Even before Holyfield-Tyson, Hearns and Stewart were asking Leonard to take a steroid test for their rematch in 1989
As you could tell by my posts on it, you're preaching to the choir. :thumbsup Too bad so many other fans are in complete denial over it....
thanks matey, fascinating subject ive researched alot.. its just naivety... i remember seeing duane chambers in an interview post linford fail (dumbass got caught using the steroid with THE longest active afterlife decca with 18 months) and duane looking in the camera and swearing he only ever took vitamins and cod liver oil, cos you cant be too careful.. thanks for the other likes too tbh the lying i`m sure is something that just needs to be done, i bet most, if steroids were legal wouldnt lie and are probbly otherwise very truthful people. its just what you do to compete at a high level.

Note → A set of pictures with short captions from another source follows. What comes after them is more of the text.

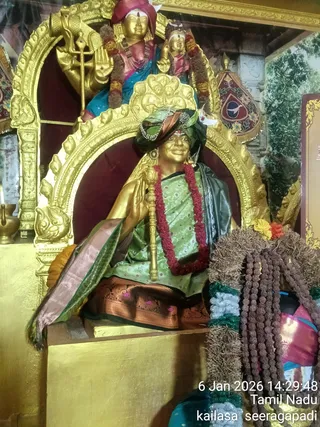 KAILASA SEERAGAPADI On January 6, 2026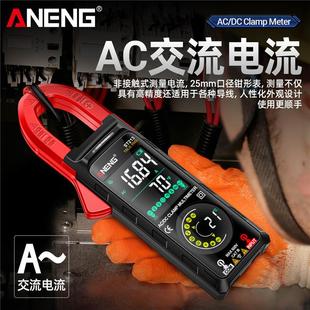多功能交直流钳形表智能双屏幕电流表高精度全自动钳型万用表 新款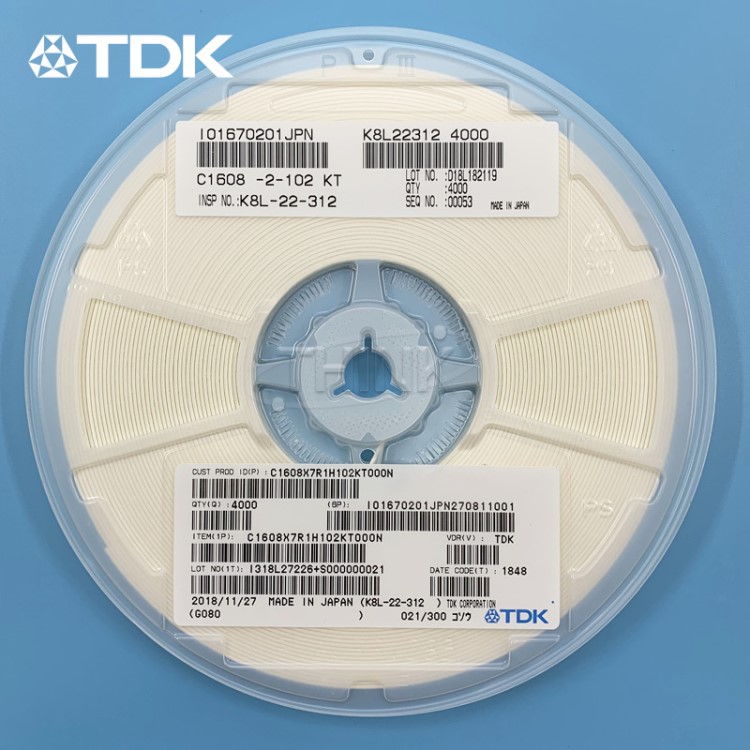 TDK 0402 1.5pf C檔0.25pf 50V NPO COG 貼片陶瓷電容C1005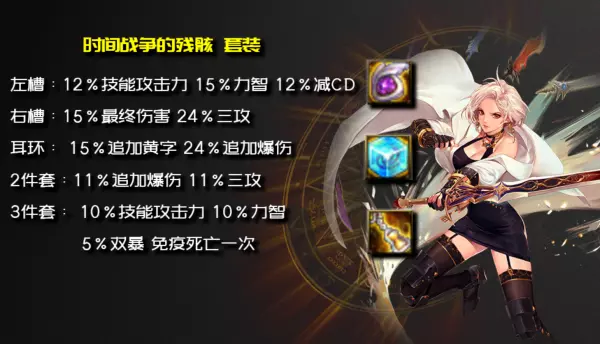 dnf短剑剑宗两把魔剑有什么用(10)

Holy massive clean muscle gain Holy massive hair loss I don't oppose his use of Roids to move from Lean 190, into Lean 215. (He didn't cut weight early on) It was necessary for him to move to heavyweight, Roids are useful in heavyweight, unless your style requires you to be light
evan fields tho... OP is a dirty piece of **** dragging more pac floyd **** up and can go **** themselves
I really think it's just the cost of doing business at high (and even not-so-high) levels of sport. Much of the vilifying that gets done to people in organized sports like football, the Olympics, and baseball (the NBA doesn't even pretend to care) is done as a P.R. measure- if leagues act like the one guy who gets caught is the outlier and the cheater, he can get tarred and feathered and the sport can maintain its image. Oddly enough, because boxing is perhaps the last major sport left without a national board controlling it, a caught fighter never really gets buried for the sake of institutional protection the same way another athlete might. A star fighter gets caught, there's a touch of shock, some faux outrage, and fans and the media go right back to rating them the exact same way. From a health standpoint, I'd love to see boxing have a way to eliminate PED's because they'll lead to more brain damage being caused quicker. The problem is that the current dynamic is an utter failure in that regard and simply uses a lot of money, energy, and resources to not work. I'm not so sure the cat ever gets put back in the bag.